You're correct, this is how they do it - or at least that's what they presented at a conference a few years back.


The classic terminology for this in AI/ML is "explore vs exploit", i.e. striking a balance between trying new things (in hopes of finding a new favorite) vs going back to the tried-and-true.


I have noticed these types of videos slip into Facebook’s Reels late at night. It’ll switch from showing me people making candy and doing home improvement stuff - videos with tens of thousands of views and likes, then it will cut to a video with almost 0 views/likes that are basically the beginning of the Onlyfans sales funnel. Never when the sun is up!
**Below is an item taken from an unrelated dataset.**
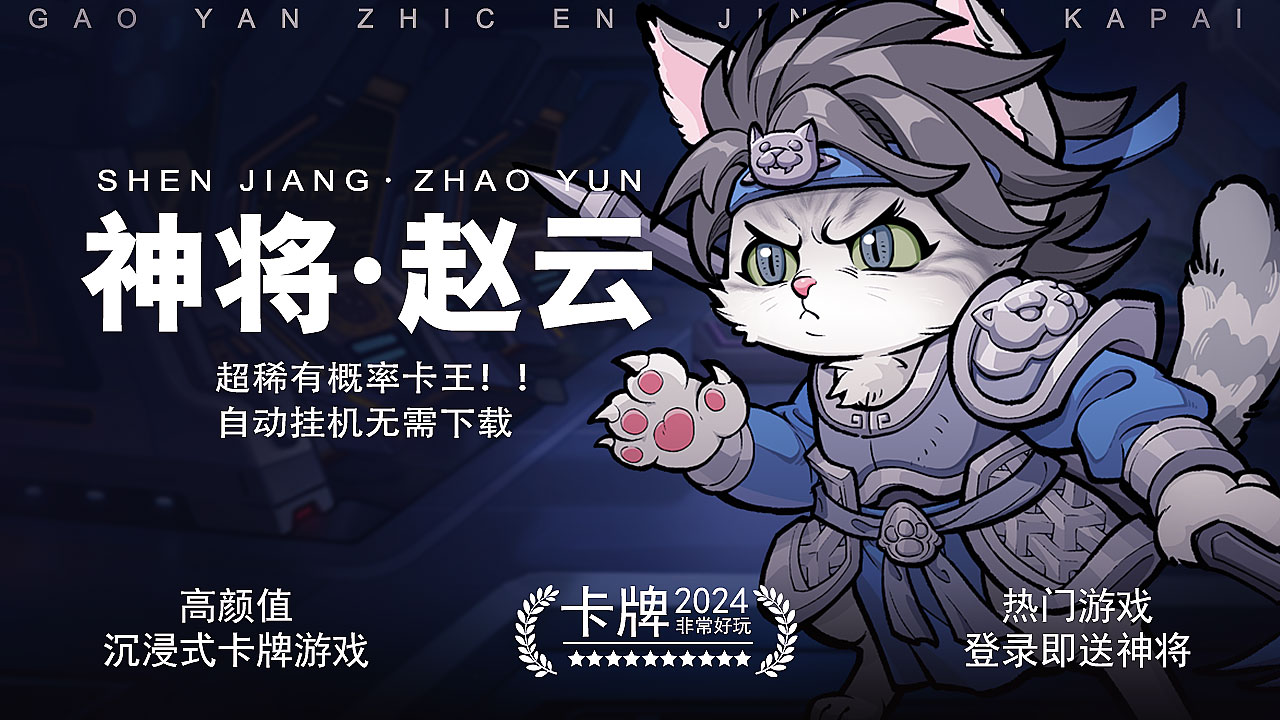 ​​奇葩猫猫最强阵容，平民到高配阵容推荐攻略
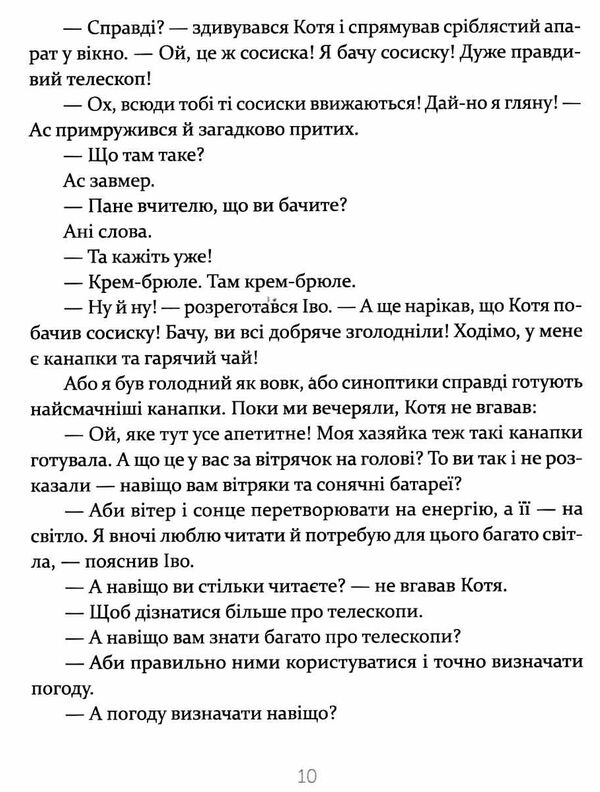 єнотик бо і дивний-дивний сніг книга 2 Ціна (цена) 209.80грн. | придбати  купити (купить) єнотик бо і дивний-дивний сніг книга 2 доставка по Украине, купить книгу, детские игрушки, компакт диски 2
We've reinvented television.


It probably just recommends a bunch of stuff that is popular at the moment for new users.

Or it tries to match you to an existing profile it has from some ad network data or something.


> It probably just recommends a bunch of stuff that is popular at the moment for new users.

I get that, but I feel like it starts with "known safe/neutral" material like cooking/traveling/photography/whatever

How can it detect "hey, this person might like if we introduce softcore porn into their timeline"? Like, do they have softcore porn identified on a scale and they introduce the really "safe" stuff and then gradually crank it up? Why are they presenting softcore porn at all? The Apple App Store is cool with that ToC wise?


I think you're overcomplicating it.

It's not trying to start with "safe" stuff, it's not trying to "gently introduce" softcore porn.

It's going "This video got a billion views in the last 30 minutes, people must love it, let's keep amplifying it to any account that hasn't explicitly rejected this category of content"

Presumably blank slate accounts are treated as open to anything, until people start curating.


during the curation process, how does it start to slowly introduce sex workers? because when I was on TikTok, it was a non-zero amount of the content


At the risk of going down a rabbit hole for no real reason, I don't use tiktok but when I speak to those that do I've not yet heard this softcore porn/sex worker thing.

For example, in my mind, not all ASMR content might lead to sexualized recommendations, but a girl in a bikini top with cat ears doing ASMR might generate both recommendations for ASMR and other more cam-girl like content. So I guess my question is, when you're starting off in tiktok seeing cooking videos, do you trend towards ones that feature 'sexier' hosts? They might not be sex workers to you, but they might be making tiktok think you're interested.

Also, what does tiktok know about you to start? What info do you have to give it to start an account?


so you agree that tiktok is able to classify "cooking videos" and "cooking videos with slightly sexualized hosts"? and that they "willingly" "try to push in recommendations" posts with higher "sexuality" attached content?


No, again, my assumption is that the user would trend towards that content. You don't need to push people towards it if you have a nuanced enough profile of each video.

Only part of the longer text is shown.